Content starts

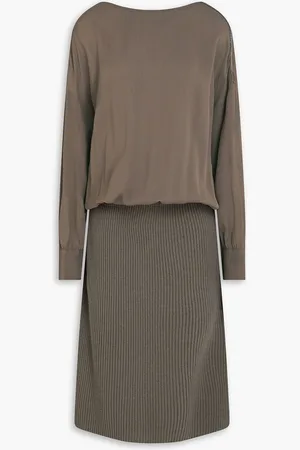 Fabiana Filippi Crepe de chine-paneled ribbed wool, silk and cashmere-blend midi dress - Neutral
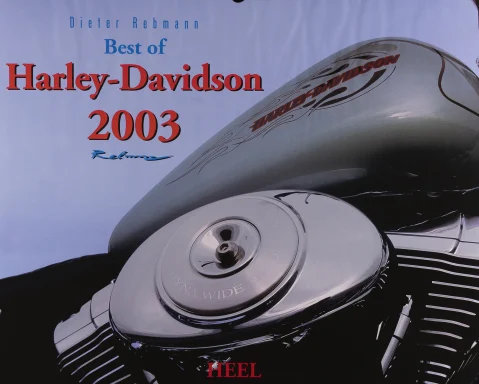 Detailaufnahme von Tank und verchromtem Luftfilter einer Harley-Davidson Dyna Wide Glide – Titelbild des Harley Kalenders 2003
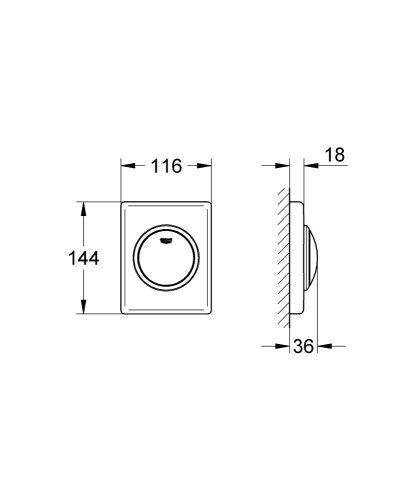 Grohe Skate wc nyomólap, matt króm 38595P00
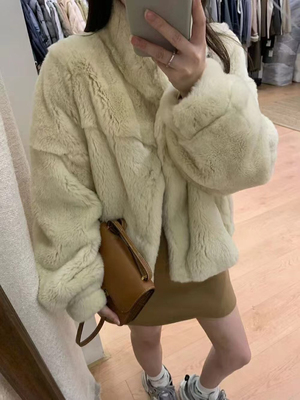 韩系冬新款高品质整皮兔毛小个子皮草外套女立领短款保暖皮毛一体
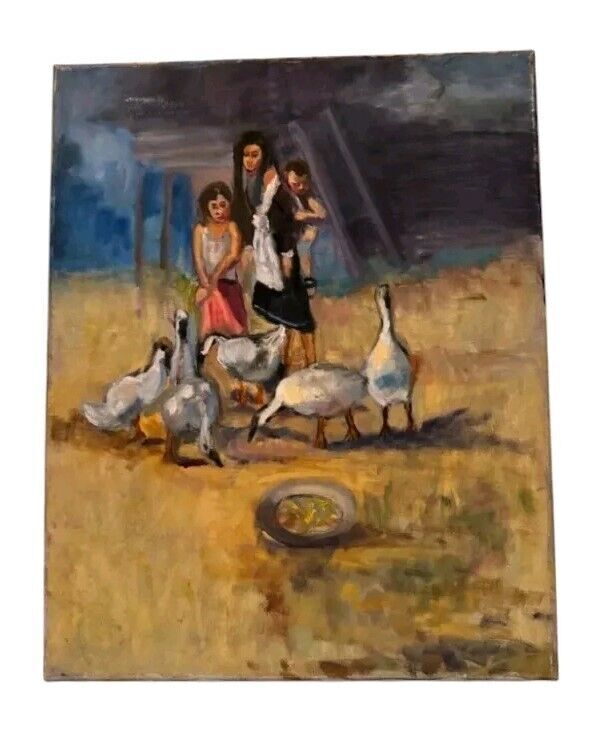 Charming Oil Painting – Family Feeding Geese – 16×20 Vintage Original Artwork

Content ends

Could you write out the records again exactly, without any of their pictures?

**OUTPUT OF THE EXERCISE**
 Fabiana Filippi Crepe de chine-paneled ribbed wool, silk and cashmere-blend midi dress - Neutral
 Detailaufnahme von Tank und verchromtem Luftfilter einer Harley-Davidson Dyna Wide Glide – Titelbild des Harley Kalenders 2003
 Grohe Skate wc nyomólap, matt króm 38595P00
 韩系冬新款高品质整皮兔毛小个子皮草外套女立领短款保暖皮毛一体
 Charming Oil Painting – Family Feeding Geese – 16×20 Vintage Original Artwork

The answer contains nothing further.